# [PROVIDED MATERIAL]

######

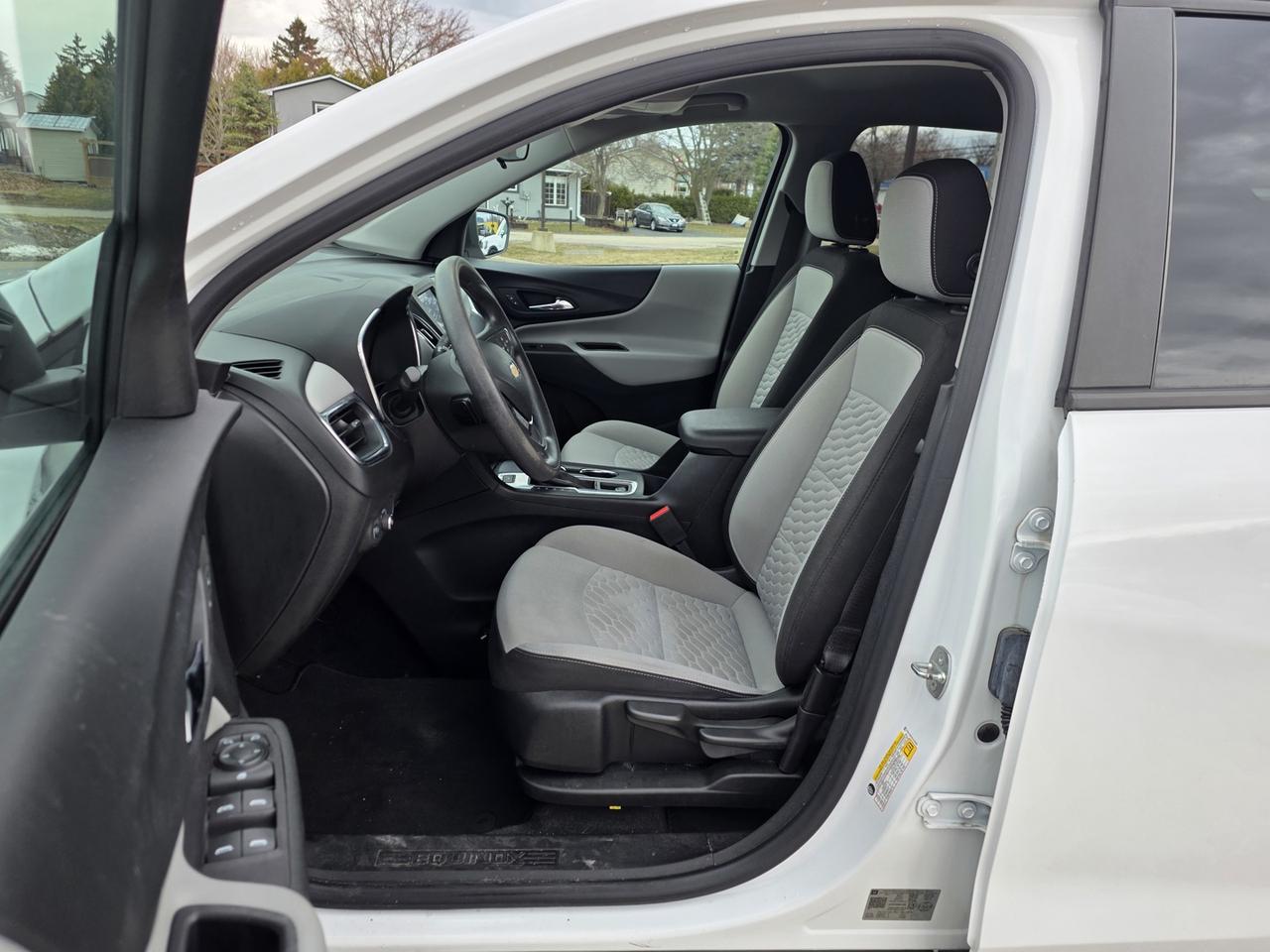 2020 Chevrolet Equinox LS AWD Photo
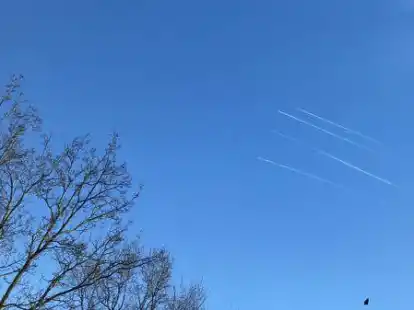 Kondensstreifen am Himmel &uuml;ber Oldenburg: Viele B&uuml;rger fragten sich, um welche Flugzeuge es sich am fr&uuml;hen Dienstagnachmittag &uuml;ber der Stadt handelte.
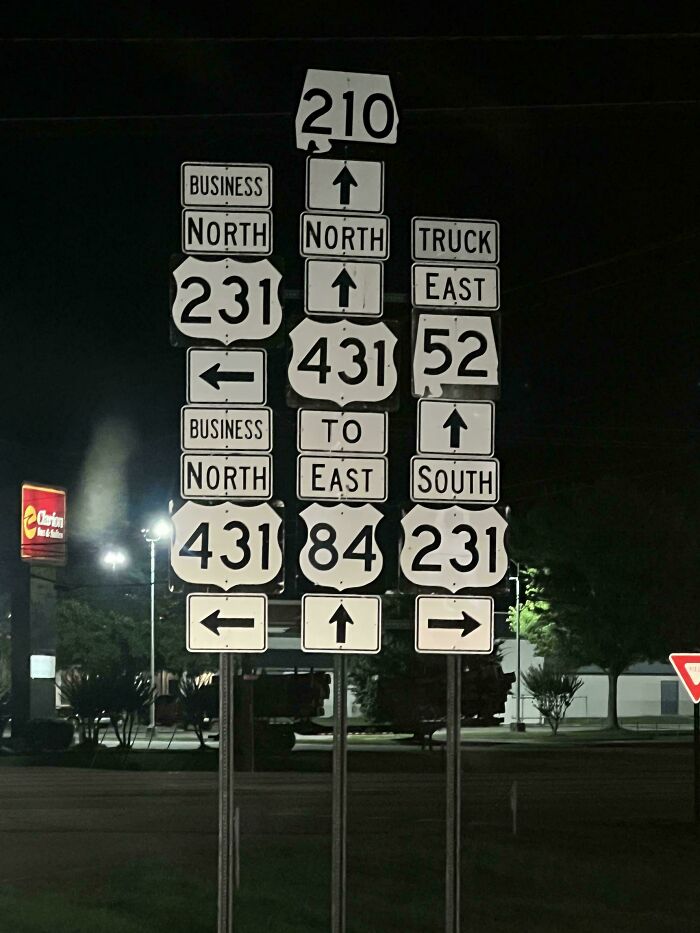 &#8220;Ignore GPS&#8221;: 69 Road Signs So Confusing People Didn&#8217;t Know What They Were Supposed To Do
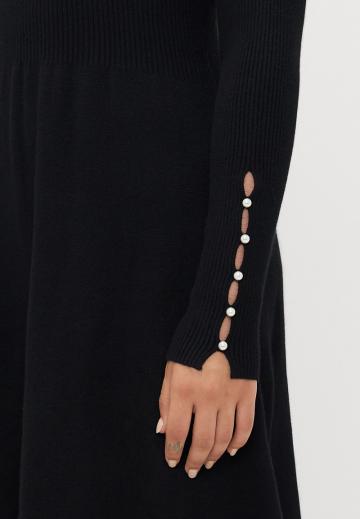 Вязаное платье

######

# [TASK STATEMENT]
Retype the whole listing. Keep every word exact but include no pictures.

# [RESPONSE BOX]
 2020 Chevrolet Equinox LS AWD Photo
 Kondensstreifen am Himmel &uuml;ber Oldenburg: Viele B&uuml;rger fragten sich, um welche Flugzeuge es sich am fr&uuml;hen Dienstagnachmittag &uuml;ber der Stadt handelte.
 &#8220;Ignore GPS&#8221;: 69 Road Signs So Confusing People Didn&#8217;t Know What They Were Supposed To Do
 Вязаное платье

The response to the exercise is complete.